- AIM OF THE EXERCISE -
Output the lines from the one holding "Cane Corso Dog | Socks" to the end of the entries that follow, exactly and only those, minus any pictures.

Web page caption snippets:
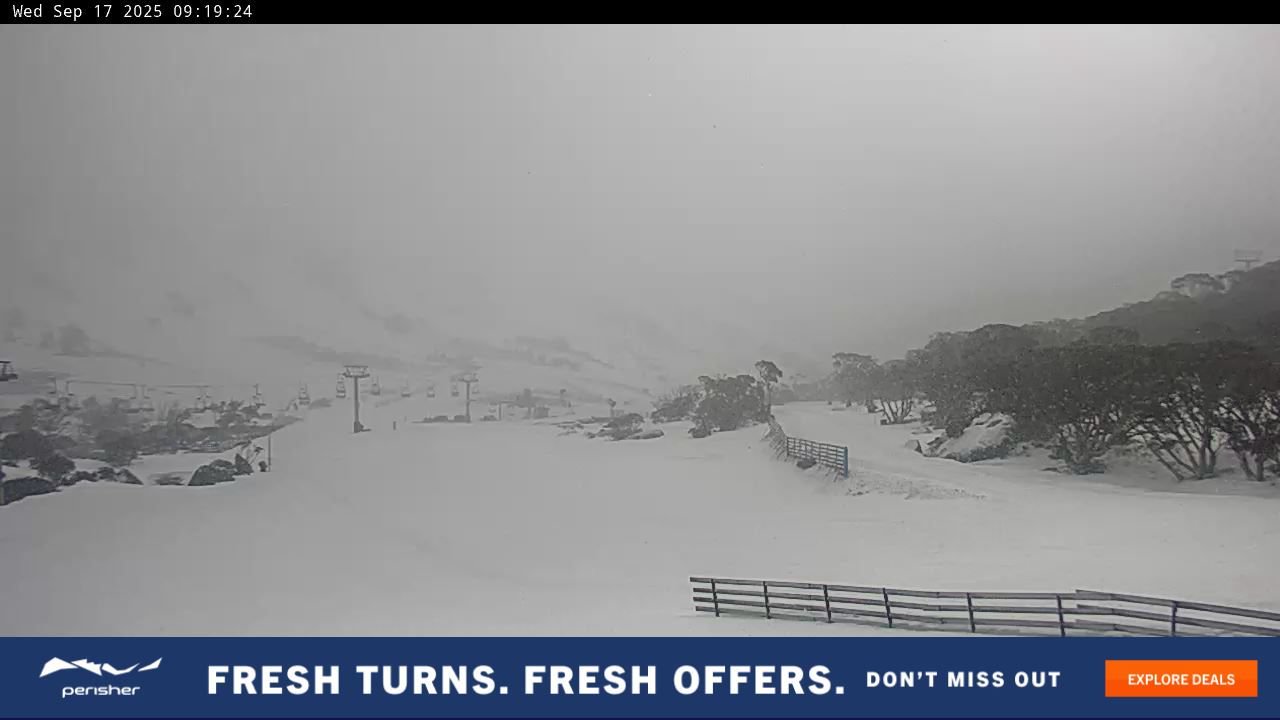 Webcam Perisher: Blue cow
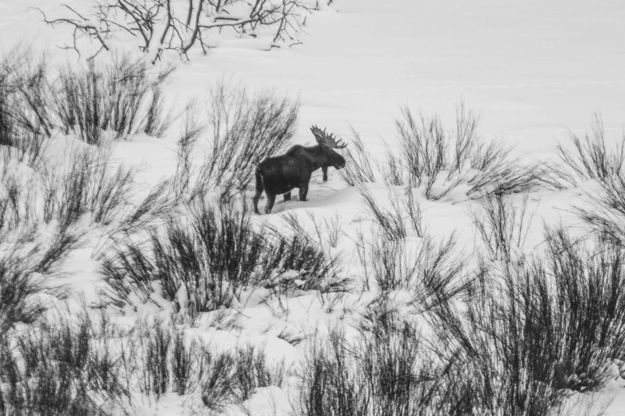 Moose in the willows. Photo by Dave Bell.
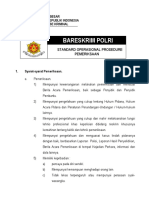 Standar Operasional Pemeriksaan 1 PDF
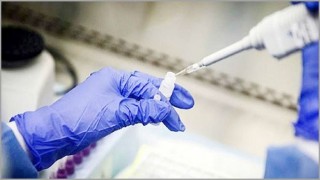 সরকারিভাবে করোনা পরীক্ষায় ফি নির্ধারিত হচ্ছে সরকারিভাবে করোনা পরীক্ষায় ফি নির্ধারিত হচ্ছে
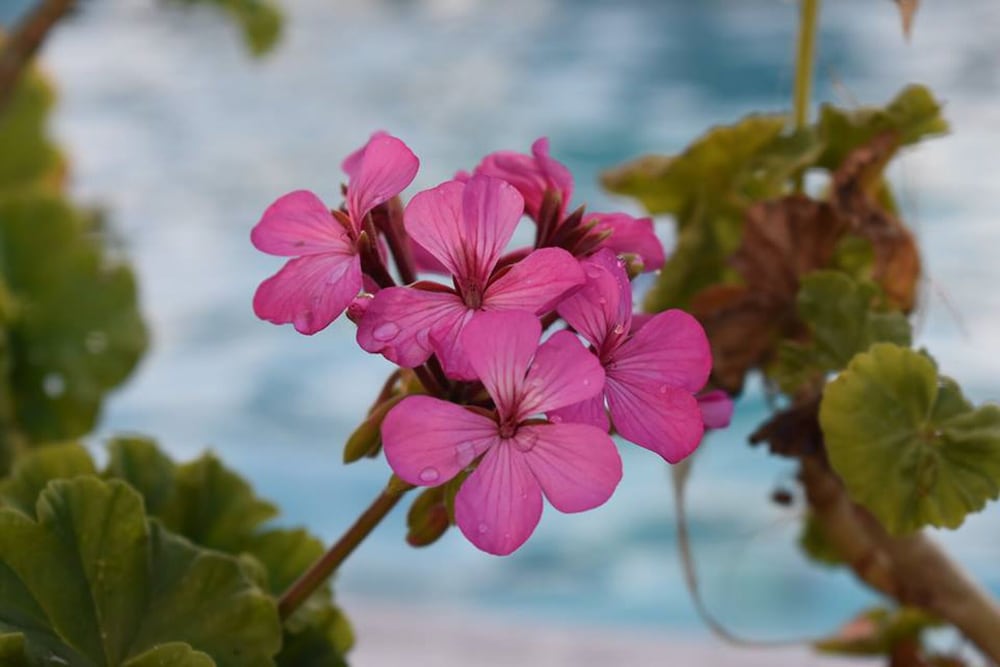 Фото The Olive House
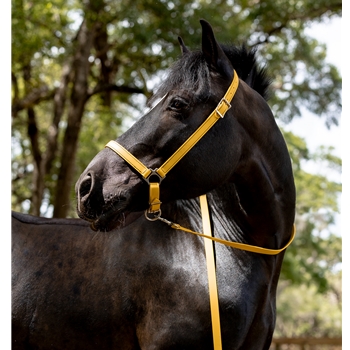 GROOMING HALTER & LEAD made from BETA BIOTHANE (Solid Colored)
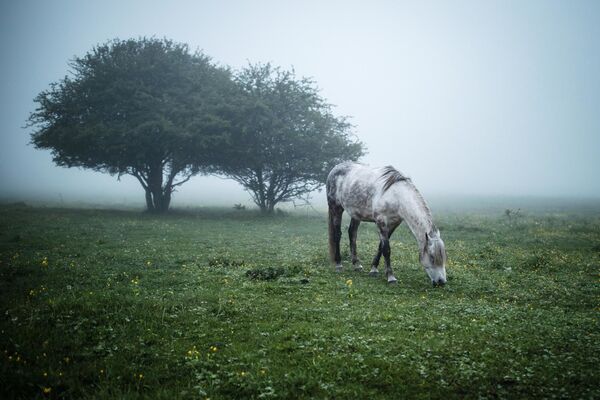 Um cavalo pastando em um prado no distrito de Maikop, República de Adigueia, Rússia - Sputnik Brasil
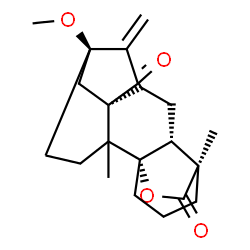 ChemSpider 2D Image | (1S,5S,8R,11R,12R)-5-Methoxy-2,12-dimethyl-6-methylene-16-oxapentacyclo[10.3.2.1~5,8~.0~1,11~.0~2,8~]octadecane-7,17-dione | C21H28O4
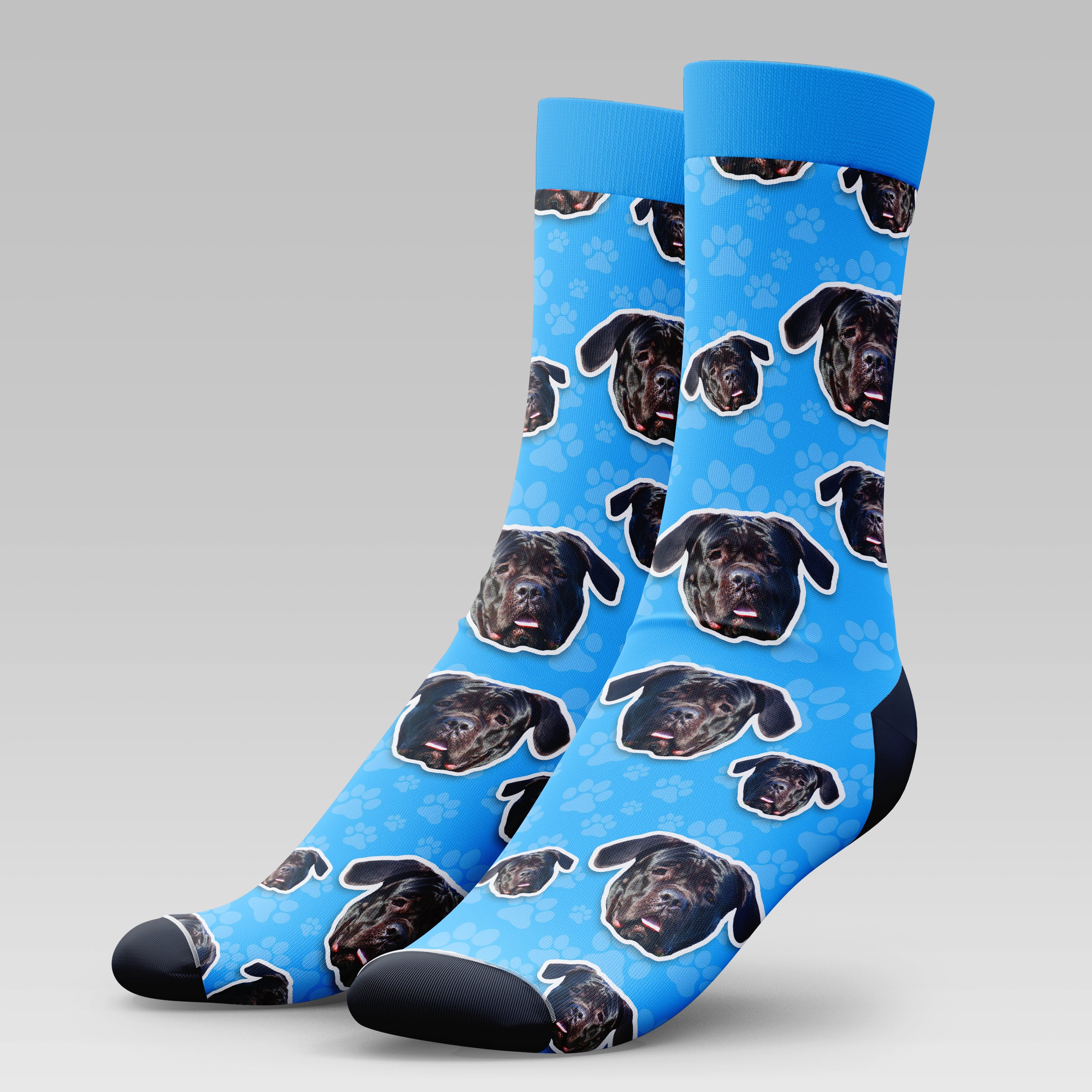 Cane Corso Dog | Socks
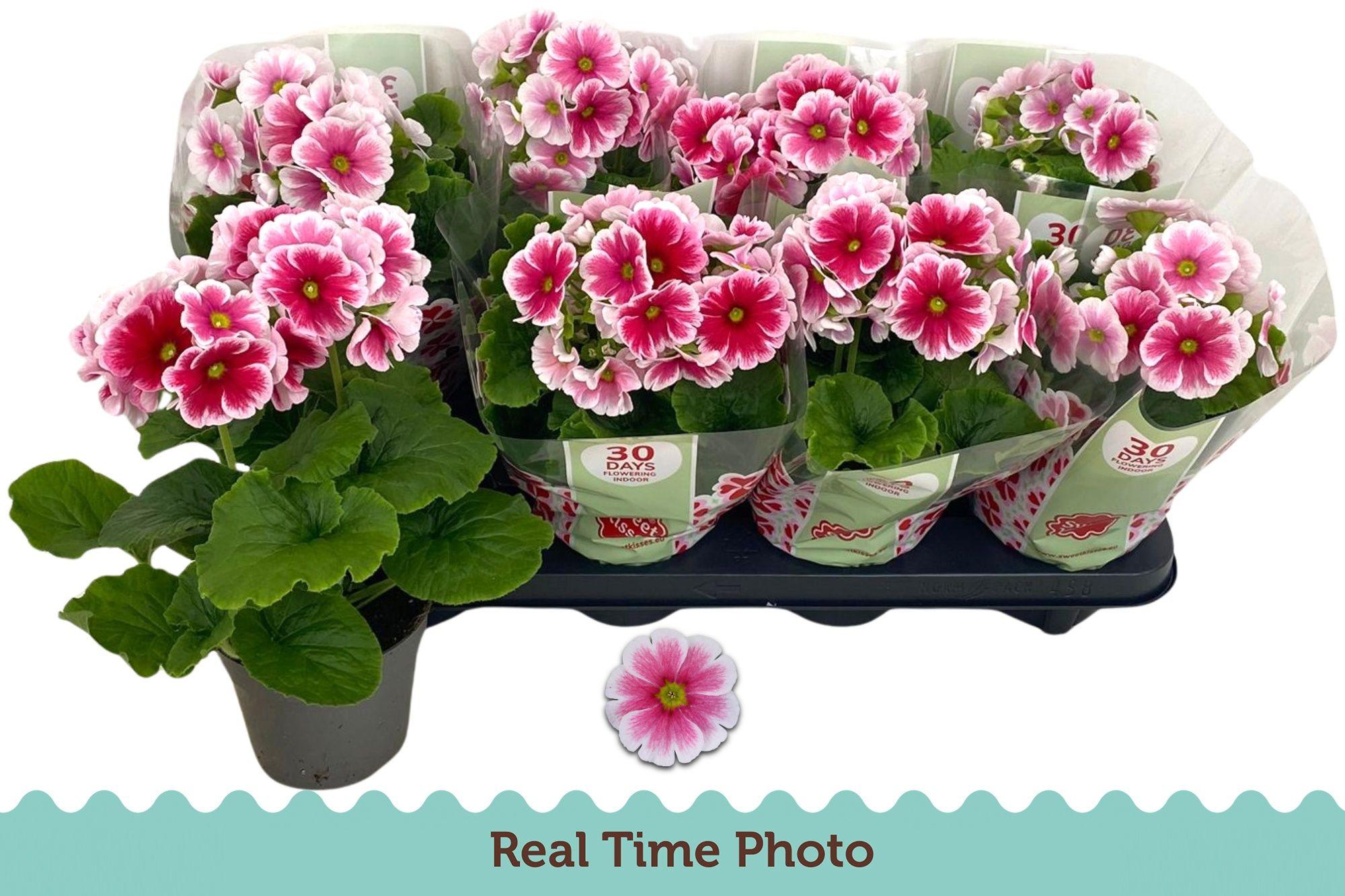 Горшечные цветы и растения оптом Prim Ob Tm Red White от 8шт из Голландии с доставкой по России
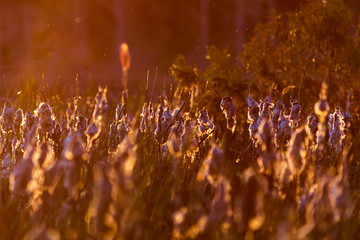 Sunset Cattails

- SOLUTION -
 Cane Corso Dog | Socks
 Горшечные цветы и растения оптом Prim Ob Tm Red White от 8шт из Голландии с доставкой по России
 Sunset Cattails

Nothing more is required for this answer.